YELLOWSTONE NATIONAL PARK, Wyo. — The National Park Service on Tuesday released a new policy on winter access to Yellowstone National Park that moves away from the current strict limits on daily numbers of individual snowmobiles and focuses instead on groups of people who use snowmobiles and snow coaches to enter the park.

The policy will take effect in the winter of 2014-2015 and follows years of planning and months of public comment. As a result, the details took nobody by surprise.

“Although the plan may not be perfect — few things are — it does protect Yellowstone’s resources, while also allowing the public to access this amazing place in the winter,” Wyoming Gov. Matt Mead said in a prepared statement.

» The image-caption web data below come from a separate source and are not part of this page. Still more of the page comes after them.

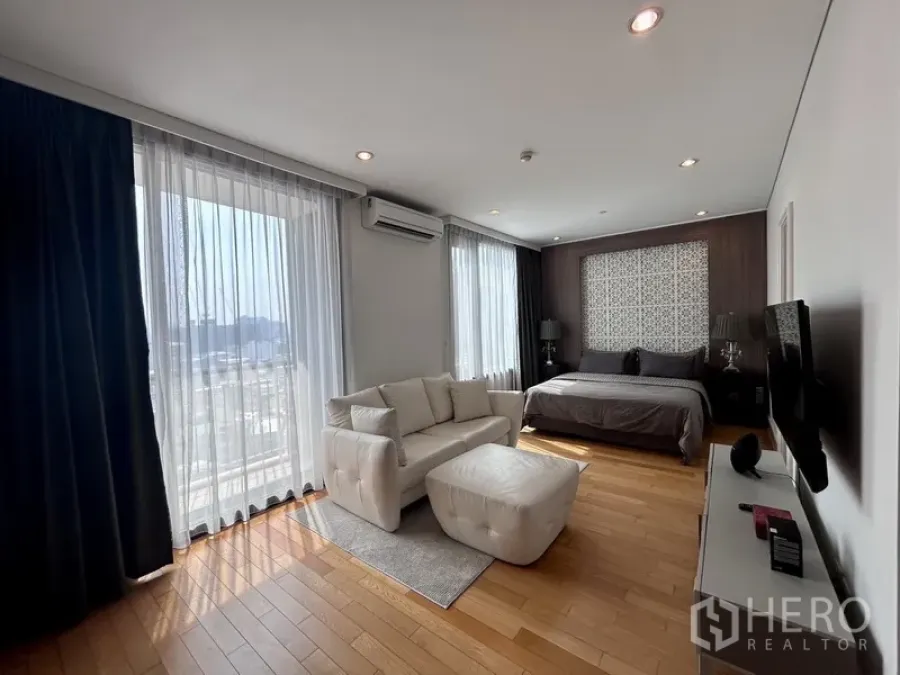 Condominium for rent or sale in Khlong Toei, Bangkok - Bright master bedroom with sofa seating, hardwood floors and full-height windows with city view.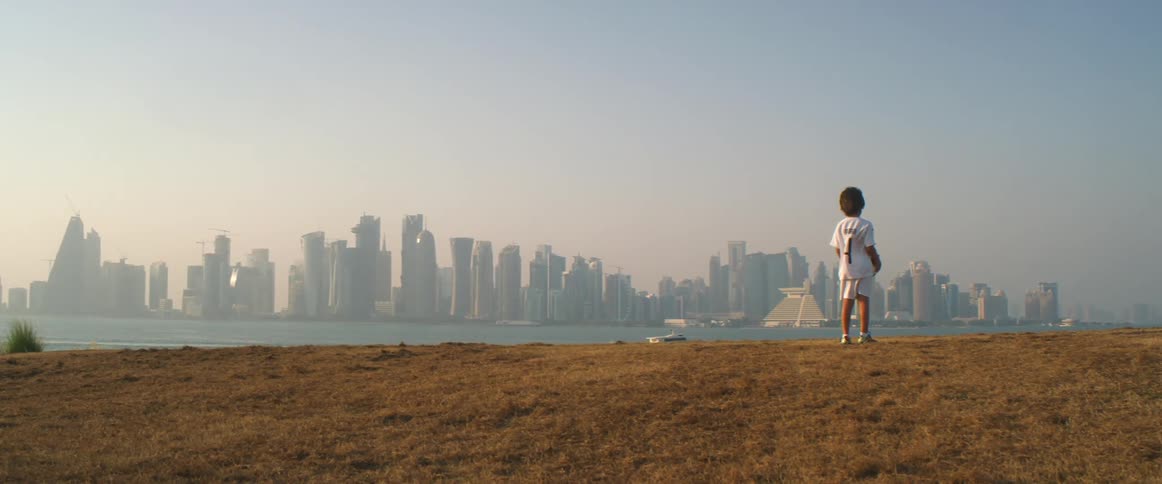 Boy standing on a hill looking at the waterfront city skyline at sunset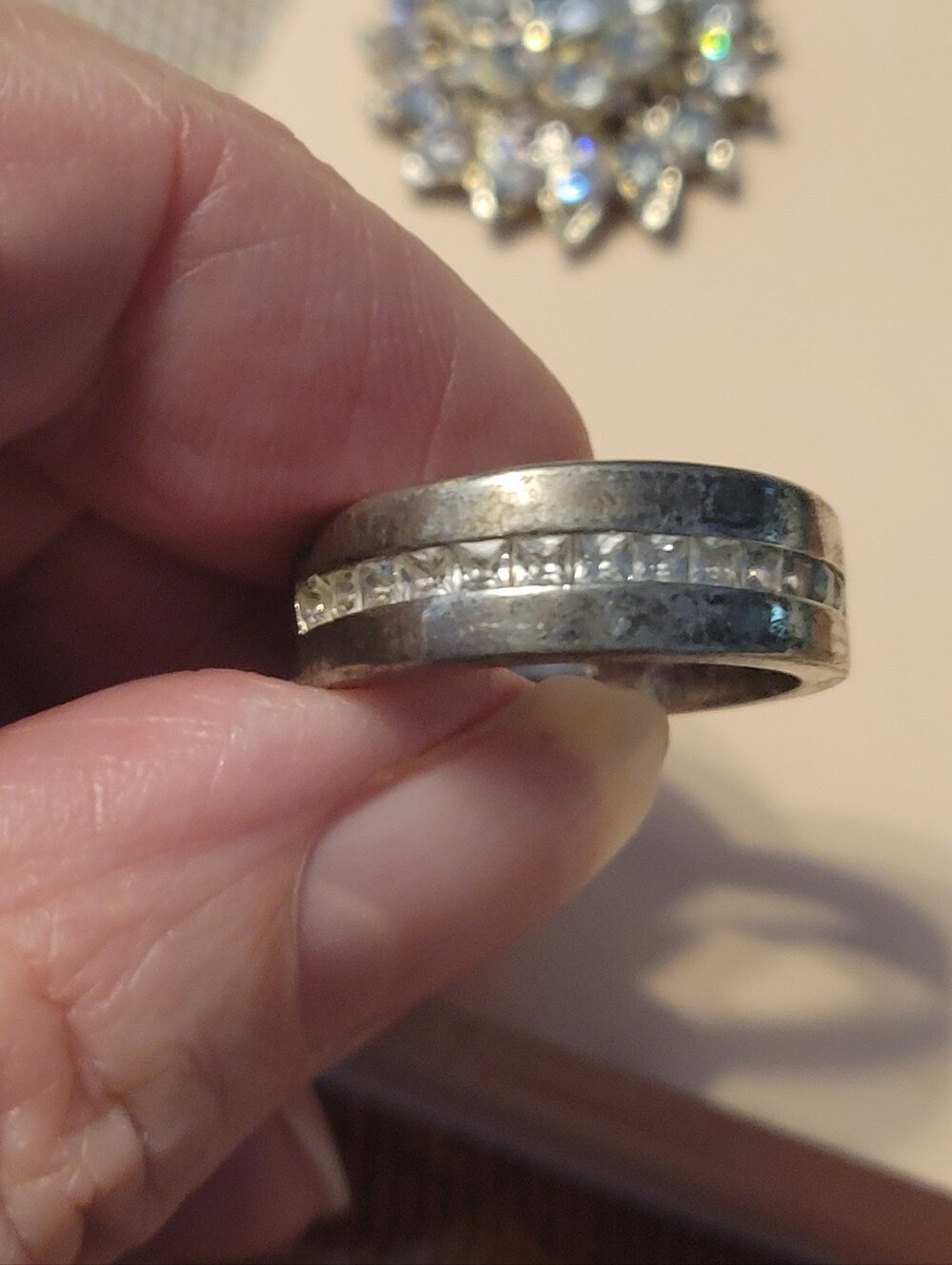 Silver Tone Ring with Channel-Set Clear Stones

Instead of the current strict daily limits on snowmobiles in Yellowstone, the new plan will regulate winter traffic through so-called “transportation events.” A transportation event is defined as either a group of up to 10 snowmobiles or one snow coach. A snow coach is an enclosed snow machine that can carry multiple passengers.

Snowmobiles will be allowed to account for no more than 50 daily transportation events. No more than 110 transportation events per day will be allowed.

The plan also allows one group of up to five unguided snowmobiles through each park entrance each day.

Starting in 2015, snowmobiles must have the best available pollution-control equipment to be allowed inside Yellowstone. Snow coaches will need to be fitted with the best pollution controls starting in 2016.

Yellowstone Superintendent Dan Wenk called the new policy a “balanced and flexible” plan that will work for tour operators and park visitors while protecting the park’s landscapes.